The Environmental Protection Agency (EPA) has sent its 2021 renewable fuel blending levels to the White House for review. If given the green light, EPA’s proposal will set the amount of biofuels that  need to be blended into fuel sold across the country in the coming year, a policy known as the Renewable Fuel Standard (RFS). The proposed rule for 2021 is fresh evidence of the RFS’ failure and the costs it imposes on both taxpayers and consumers.

Created in 2005, the RFS was billed as a means to foster  advanced biofuels industries that would reduce greenhouse gas (GHG) emissions and catalyze rural economic development. But the program has not met these goals. Instead, the federal mandate has pushed more conventional corn– and soy-based ethanol into the fuel supply. The RFS’ failure has increased fuel costs and GHG emissions, and harmed public health and the environment by incentivizing the conversion of grasslands to corn and soybean fields.

The RFS as amended by Congress in 2007 mandates that 33 billion gallons of fuel be mixed into the domestic fuel supply in 2021. But EPA is likely to revise that number down as it has for the past seven years. Despite generous subsidies and guaranteed sales, negligible growth in the advanced biofuels sector has kept the RFS below statutory levels since 2013 (see chart below).
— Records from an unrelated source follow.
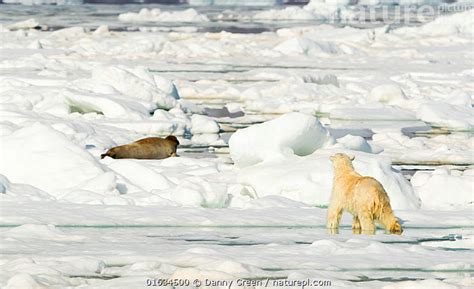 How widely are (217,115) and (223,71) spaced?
9.08 metres

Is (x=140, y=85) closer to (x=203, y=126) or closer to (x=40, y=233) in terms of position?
(x=203, y=126)

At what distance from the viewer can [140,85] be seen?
17391 millimetres

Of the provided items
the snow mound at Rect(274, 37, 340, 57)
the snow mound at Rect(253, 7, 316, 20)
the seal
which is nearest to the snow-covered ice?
the seal

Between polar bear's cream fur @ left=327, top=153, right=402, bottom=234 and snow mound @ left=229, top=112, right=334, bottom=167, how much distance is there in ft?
8.88

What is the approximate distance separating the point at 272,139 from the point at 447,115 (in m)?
6.99

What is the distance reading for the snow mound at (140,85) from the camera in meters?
17.2

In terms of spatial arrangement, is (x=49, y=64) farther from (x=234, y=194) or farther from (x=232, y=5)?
(x=232, y=5)

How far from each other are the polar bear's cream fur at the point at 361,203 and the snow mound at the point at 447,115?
8.81m

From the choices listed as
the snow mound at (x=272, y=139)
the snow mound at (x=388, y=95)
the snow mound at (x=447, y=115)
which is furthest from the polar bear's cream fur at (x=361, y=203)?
the snow mound at (x=388, y=95)

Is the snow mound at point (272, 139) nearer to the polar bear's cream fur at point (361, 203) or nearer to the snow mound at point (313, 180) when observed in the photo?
the snow mound at point (313, 180)

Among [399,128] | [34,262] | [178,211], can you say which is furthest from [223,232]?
[399,128]

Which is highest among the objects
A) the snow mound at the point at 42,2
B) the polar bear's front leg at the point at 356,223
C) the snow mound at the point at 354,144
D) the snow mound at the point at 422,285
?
the snow mound at the point at 422,285

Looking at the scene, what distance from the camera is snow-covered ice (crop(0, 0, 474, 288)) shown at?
6.11 m

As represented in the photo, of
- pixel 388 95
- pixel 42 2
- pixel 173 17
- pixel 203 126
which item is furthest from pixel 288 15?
pixel 203 126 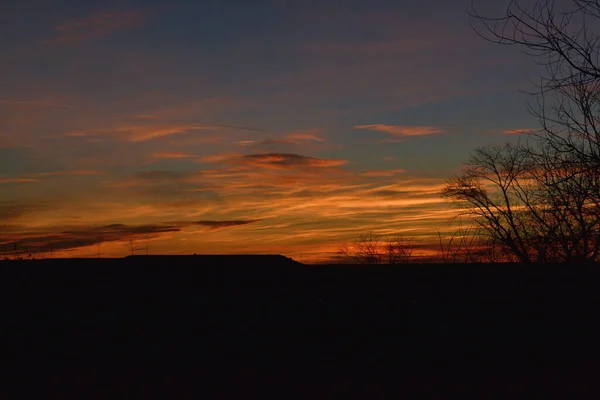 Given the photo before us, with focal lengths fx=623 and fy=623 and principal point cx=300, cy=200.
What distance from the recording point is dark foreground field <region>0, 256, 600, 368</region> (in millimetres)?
16219

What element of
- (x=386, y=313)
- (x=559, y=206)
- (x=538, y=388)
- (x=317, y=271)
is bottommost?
(x=538, y=388)

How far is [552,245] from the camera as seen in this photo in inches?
811

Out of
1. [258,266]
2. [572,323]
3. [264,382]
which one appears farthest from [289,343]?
[572,323]

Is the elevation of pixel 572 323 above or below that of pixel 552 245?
below

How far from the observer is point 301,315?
1708cm

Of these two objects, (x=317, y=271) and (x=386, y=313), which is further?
(x=317, y=271)


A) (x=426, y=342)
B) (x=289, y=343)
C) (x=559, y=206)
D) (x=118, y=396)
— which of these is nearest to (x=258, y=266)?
(x=289, y=343)

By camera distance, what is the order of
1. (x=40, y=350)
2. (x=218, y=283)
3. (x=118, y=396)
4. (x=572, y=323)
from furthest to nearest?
(x=218, y=283) → (x=572, y=323) → (x=40, y=350) → (x=118, y=396)

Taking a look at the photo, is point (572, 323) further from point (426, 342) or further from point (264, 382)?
point (264, 382)

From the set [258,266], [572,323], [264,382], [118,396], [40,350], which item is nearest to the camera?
[118,396]

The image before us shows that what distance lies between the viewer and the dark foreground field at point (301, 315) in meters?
16.2

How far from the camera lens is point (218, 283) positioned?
1859 cm

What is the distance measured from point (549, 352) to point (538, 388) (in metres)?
3.68

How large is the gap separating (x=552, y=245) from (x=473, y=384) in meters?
8.97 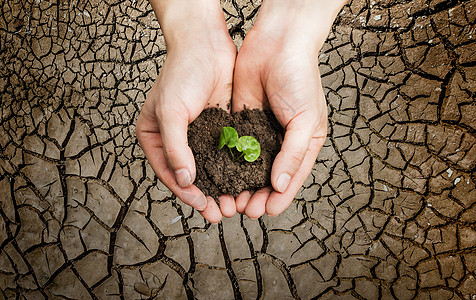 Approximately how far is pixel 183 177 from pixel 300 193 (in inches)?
45.4

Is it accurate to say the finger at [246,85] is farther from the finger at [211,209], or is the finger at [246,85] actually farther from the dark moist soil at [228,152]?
the finger at [211,209]

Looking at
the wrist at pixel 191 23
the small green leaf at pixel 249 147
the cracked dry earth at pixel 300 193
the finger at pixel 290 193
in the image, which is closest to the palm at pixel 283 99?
the finger at pixel 290 193

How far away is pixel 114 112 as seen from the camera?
282 cm

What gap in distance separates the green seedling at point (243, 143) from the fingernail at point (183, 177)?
248 mm

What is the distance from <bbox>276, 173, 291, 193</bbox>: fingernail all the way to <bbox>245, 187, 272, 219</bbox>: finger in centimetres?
11

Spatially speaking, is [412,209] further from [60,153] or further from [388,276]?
[60,153]

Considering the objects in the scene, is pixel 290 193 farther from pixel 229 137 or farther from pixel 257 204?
pixel 229 137

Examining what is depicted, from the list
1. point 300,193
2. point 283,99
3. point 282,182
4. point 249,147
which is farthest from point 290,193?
point 300,193

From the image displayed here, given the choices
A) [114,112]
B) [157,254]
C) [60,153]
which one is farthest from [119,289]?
[114,112]

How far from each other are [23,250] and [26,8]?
2229 mm

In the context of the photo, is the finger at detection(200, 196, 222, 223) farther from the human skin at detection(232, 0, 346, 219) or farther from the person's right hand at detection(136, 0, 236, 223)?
the human skin at detection(232, 0, 346, 219)

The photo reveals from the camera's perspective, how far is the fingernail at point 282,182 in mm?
1738

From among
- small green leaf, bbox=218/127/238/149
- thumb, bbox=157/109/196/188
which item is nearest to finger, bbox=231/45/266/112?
small green leaf, bbox=218/127/238/149

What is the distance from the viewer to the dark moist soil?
180 cm
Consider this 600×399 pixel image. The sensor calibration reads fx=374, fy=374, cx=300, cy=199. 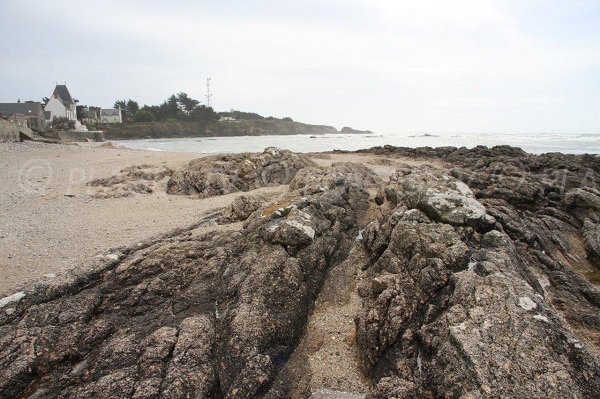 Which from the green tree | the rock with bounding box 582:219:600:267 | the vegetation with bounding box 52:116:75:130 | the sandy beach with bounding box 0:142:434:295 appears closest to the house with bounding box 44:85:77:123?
the vegetation with bounding box 52:116:75:130

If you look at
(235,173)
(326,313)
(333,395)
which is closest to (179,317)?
(326,313)

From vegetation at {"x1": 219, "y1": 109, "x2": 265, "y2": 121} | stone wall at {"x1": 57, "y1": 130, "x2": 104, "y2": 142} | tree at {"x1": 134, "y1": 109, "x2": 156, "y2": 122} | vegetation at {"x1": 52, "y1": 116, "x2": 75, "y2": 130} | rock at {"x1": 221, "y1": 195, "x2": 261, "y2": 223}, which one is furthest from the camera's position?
vegetation at {"x1": 219, "y1": 109, "x2": 265, "y2": 121}

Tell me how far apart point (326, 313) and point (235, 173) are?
11.5m

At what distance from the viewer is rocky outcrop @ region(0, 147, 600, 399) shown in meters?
5.08

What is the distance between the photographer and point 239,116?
568 ft

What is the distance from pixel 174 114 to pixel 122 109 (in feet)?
59.6

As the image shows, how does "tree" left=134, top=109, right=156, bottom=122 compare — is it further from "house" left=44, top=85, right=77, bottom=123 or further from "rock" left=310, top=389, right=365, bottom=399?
"rock" left=310, top=389, right=365, bottom=399

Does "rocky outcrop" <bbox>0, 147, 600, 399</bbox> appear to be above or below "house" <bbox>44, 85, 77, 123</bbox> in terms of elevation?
below

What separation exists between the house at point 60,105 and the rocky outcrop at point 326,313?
3461 inches

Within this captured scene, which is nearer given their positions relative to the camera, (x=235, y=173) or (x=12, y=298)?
(x=12, y=298)

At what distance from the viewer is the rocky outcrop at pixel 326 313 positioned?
5082 millimetres

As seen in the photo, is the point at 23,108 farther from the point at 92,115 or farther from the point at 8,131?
the point at 8,131

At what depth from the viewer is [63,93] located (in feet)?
289

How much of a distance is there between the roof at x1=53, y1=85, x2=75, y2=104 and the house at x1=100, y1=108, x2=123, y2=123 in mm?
22206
Advanced sources of biofuels, like cellulosic ethanol, were intended to make up an increasing share of the mandated biofuel consumption, but established industries like corn- and soybean-based ethanol continue to make up the majority of biofuels blended into fuels under the RFS.

After 15 years of this failed policy, it is past time to scrap the RFS before it creates further unintended consequences.